**Your assignment:**
Where the line with "WWC New Frontier Tenuis Acropora" appears below, start writing out lines exactly, and finish with the line with "Anna Kunze - Facebook", which is included; write out nothing else.

**Data records:**

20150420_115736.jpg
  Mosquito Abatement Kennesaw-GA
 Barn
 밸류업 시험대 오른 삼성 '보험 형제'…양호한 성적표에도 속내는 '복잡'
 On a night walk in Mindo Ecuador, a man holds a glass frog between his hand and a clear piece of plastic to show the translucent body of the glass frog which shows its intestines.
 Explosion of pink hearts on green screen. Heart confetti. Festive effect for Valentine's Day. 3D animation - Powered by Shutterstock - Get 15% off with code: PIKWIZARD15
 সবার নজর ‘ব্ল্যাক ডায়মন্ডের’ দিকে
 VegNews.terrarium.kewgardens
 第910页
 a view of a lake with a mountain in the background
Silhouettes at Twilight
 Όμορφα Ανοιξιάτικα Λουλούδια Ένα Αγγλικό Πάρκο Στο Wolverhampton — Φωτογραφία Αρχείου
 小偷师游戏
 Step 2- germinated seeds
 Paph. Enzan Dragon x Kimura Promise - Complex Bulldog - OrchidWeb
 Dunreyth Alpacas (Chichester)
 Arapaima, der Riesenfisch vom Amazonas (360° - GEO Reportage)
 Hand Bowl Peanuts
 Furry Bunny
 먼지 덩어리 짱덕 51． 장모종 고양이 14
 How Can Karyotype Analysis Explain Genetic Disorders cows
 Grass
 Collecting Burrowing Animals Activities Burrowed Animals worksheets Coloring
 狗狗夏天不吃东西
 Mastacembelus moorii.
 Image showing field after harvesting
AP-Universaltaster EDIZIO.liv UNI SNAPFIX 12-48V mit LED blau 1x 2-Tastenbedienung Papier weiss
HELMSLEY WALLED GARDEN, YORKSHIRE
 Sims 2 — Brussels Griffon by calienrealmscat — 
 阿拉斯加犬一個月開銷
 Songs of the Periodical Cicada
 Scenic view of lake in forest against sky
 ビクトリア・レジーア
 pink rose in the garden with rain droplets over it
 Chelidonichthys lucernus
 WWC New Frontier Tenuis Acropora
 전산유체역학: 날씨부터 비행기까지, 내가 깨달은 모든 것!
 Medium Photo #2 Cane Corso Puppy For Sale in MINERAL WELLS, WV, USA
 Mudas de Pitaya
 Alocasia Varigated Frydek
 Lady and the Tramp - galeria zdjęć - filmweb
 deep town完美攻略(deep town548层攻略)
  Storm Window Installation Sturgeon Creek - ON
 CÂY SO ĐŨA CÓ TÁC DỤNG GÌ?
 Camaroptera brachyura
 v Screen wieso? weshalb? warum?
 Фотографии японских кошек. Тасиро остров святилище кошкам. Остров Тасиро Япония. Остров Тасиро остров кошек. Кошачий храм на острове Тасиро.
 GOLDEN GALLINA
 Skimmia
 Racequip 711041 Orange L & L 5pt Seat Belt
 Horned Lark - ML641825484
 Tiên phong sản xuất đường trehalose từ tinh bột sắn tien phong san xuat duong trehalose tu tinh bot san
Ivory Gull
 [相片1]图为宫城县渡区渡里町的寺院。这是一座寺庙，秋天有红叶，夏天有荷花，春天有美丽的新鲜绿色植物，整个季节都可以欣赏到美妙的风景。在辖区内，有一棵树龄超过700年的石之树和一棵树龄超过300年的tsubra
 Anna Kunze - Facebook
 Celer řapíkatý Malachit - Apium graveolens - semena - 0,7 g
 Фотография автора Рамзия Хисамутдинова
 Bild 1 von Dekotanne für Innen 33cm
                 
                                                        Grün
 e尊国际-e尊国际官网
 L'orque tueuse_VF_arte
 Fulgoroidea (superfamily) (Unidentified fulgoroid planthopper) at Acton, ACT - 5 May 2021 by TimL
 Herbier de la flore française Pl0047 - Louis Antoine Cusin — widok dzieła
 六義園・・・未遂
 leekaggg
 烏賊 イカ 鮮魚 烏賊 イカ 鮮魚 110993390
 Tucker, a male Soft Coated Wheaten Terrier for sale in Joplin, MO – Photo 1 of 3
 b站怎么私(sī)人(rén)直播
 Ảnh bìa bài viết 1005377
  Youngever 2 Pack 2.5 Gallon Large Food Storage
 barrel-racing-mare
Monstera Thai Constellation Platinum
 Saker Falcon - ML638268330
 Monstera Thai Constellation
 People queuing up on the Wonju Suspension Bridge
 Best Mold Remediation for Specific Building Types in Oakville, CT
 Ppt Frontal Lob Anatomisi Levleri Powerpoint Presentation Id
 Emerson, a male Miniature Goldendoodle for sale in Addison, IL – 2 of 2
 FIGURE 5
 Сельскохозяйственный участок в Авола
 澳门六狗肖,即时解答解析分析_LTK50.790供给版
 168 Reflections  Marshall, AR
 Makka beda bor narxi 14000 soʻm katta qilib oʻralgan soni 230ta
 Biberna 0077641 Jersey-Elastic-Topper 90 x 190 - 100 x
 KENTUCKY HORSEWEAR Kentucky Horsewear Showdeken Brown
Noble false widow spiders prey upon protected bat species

**Exercise output:**
 WWC New Frontier Tenuis Acropora
 전산유체역학: 날씨부터 비행기까지, 내가 깨달은 모든 것!
 Medium Photo #2 Cane Corso Puppy For Sale in MINERAL WELLS, WV, USA
 Mudas de Pitaya
 Alocasia Varigated Frydek
 Lady and the Tramp - galeria zdjęć - filmweb
 deep town完美攻略(deep town548层攻略)
  Storm Window Installation Sturgeon Creek - ON
 CÂY SO ĐŨA CÓ TÁC DỤNG GÌ?
 Camaroptera brachyura
 v Screen wieso? weshalb? warum?
 Фотографии японских кошек. Тасиро остров святилище кошкам. Остров Тасиро Япония. Остров Тасиро остров кошек. Кошачий храм на острове Тасиро.
 GOLDEN GALLINA
 Skimmia
 Racequip 711041 Orange L & L 5pt Seat Belt
 Horned Lark - ML641825484
 Tiên phong sản xuất đường trehalose từ tinh bột sắn tien phong san xuat duong trehalose tu tinh bot san
Ivory Gull
 [相片1]图为宫城县渡区渡里町的寺院。这是一座寺庙，秋天有红叶，夏天有荷花，春天有美丽的新鲜绿色植物，整个季节都可以欣赏到美妙的风景。在辖区内，有一棵树龄超过700年的石之树和一棵树龄超过300年的tsubra
 Anna Kunze - Facebook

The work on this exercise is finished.